=== Your task ===
Would you copy the material below word for word, beginning with its first line and ending with the line that contains "The final criterion"?

══ Records shown ══

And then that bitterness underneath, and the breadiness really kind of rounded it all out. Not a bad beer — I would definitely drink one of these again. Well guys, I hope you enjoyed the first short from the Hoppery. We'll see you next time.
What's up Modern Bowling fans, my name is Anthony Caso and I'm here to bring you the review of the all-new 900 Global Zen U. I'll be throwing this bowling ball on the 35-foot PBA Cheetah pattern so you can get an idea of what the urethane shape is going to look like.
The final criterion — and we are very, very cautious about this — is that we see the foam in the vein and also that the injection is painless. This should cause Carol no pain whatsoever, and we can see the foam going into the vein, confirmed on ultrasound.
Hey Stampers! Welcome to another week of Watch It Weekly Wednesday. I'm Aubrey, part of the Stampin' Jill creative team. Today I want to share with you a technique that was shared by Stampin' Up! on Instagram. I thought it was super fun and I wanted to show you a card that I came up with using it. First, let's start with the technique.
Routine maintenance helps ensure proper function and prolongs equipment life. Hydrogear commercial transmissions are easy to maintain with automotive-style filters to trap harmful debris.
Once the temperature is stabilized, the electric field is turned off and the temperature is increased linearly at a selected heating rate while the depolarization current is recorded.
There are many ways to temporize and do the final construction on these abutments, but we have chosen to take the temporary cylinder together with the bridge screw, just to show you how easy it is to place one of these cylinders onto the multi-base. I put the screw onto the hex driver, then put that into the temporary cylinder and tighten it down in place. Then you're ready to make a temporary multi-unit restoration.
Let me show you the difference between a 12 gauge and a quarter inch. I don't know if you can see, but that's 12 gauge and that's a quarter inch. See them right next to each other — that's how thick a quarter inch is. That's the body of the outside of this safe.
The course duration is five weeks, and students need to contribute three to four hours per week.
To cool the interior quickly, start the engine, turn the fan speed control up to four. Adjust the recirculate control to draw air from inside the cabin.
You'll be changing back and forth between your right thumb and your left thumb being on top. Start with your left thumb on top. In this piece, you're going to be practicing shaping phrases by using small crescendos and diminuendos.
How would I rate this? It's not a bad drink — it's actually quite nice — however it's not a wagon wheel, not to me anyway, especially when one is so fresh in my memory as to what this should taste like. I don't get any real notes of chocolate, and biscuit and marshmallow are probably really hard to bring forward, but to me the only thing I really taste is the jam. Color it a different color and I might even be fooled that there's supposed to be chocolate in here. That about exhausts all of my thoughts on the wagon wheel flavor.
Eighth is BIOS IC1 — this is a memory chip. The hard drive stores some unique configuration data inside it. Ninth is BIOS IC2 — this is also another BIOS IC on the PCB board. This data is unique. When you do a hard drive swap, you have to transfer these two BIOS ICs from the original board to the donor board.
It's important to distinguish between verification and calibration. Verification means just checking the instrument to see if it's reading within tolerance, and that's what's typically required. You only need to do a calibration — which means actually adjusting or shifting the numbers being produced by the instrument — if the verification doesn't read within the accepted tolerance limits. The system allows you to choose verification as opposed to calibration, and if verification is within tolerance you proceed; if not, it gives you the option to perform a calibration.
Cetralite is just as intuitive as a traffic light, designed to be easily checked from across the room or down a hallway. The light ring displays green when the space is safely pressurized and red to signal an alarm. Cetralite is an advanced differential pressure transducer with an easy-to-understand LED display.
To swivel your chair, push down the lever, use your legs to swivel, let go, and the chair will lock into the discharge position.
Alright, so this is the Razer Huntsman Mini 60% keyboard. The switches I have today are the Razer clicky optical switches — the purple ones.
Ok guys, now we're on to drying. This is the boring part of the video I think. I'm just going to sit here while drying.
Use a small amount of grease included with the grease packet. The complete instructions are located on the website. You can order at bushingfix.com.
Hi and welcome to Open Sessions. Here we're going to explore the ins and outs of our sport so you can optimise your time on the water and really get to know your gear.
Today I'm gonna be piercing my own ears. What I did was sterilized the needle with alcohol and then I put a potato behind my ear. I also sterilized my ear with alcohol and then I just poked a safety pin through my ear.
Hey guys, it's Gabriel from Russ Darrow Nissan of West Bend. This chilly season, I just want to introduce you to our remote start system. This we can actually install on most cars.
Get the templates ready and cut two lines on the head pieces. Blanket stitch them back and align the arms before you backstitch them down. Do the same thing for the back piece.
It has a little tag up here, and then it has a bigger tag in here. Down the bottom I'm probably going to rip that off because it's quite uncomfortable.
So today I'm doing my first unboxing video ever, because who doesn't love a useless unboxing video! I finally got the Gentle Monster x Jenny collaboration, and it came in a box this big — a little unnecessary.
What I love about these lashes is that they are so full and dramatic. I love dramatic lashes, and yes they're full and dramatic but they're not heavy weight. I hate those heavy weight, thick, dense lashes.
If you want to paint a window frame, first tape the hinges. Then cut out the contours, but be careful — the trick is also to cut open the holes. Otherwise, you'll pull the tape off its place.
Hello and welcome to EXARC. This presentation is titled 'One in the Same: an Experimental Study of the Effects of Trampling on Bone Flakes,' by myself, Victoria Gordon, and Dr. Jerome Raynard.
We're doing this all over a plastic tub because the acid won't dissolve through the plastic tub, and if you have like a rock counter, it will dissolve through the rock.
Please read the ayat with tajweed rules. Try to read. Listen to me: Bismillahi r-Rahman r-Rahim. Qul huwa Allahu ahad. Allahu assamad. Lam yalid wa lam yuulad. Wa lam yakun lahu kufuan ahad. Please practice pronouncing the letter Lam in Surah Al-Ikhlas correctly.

═══

=== Finished exercise ===
And then that bitterness underneath, and the breadiness really kind of rounded it all out. Not a bad beer — I would definitely drink one of these again. Well guys, I hope you enjoyed the first short from the Hoppery. We'll see you next time.
What's up Modern Bowling fans, my name is Anthony Caso and I'm here to bring you the review of the all-new 900 Global Zen U. I'll be throwing this bowling ball on the 35-foot PBA Cheetah pattern so you can get an idea of what the urethane shape is going to look like.
The final criterion — and we are very, very cautious about this — is that we see the foam in the vein and also that the injection is painless. This should cause Carol no pain whatsoever, and we can see the foam going into the vein, confirmed on ultrasound.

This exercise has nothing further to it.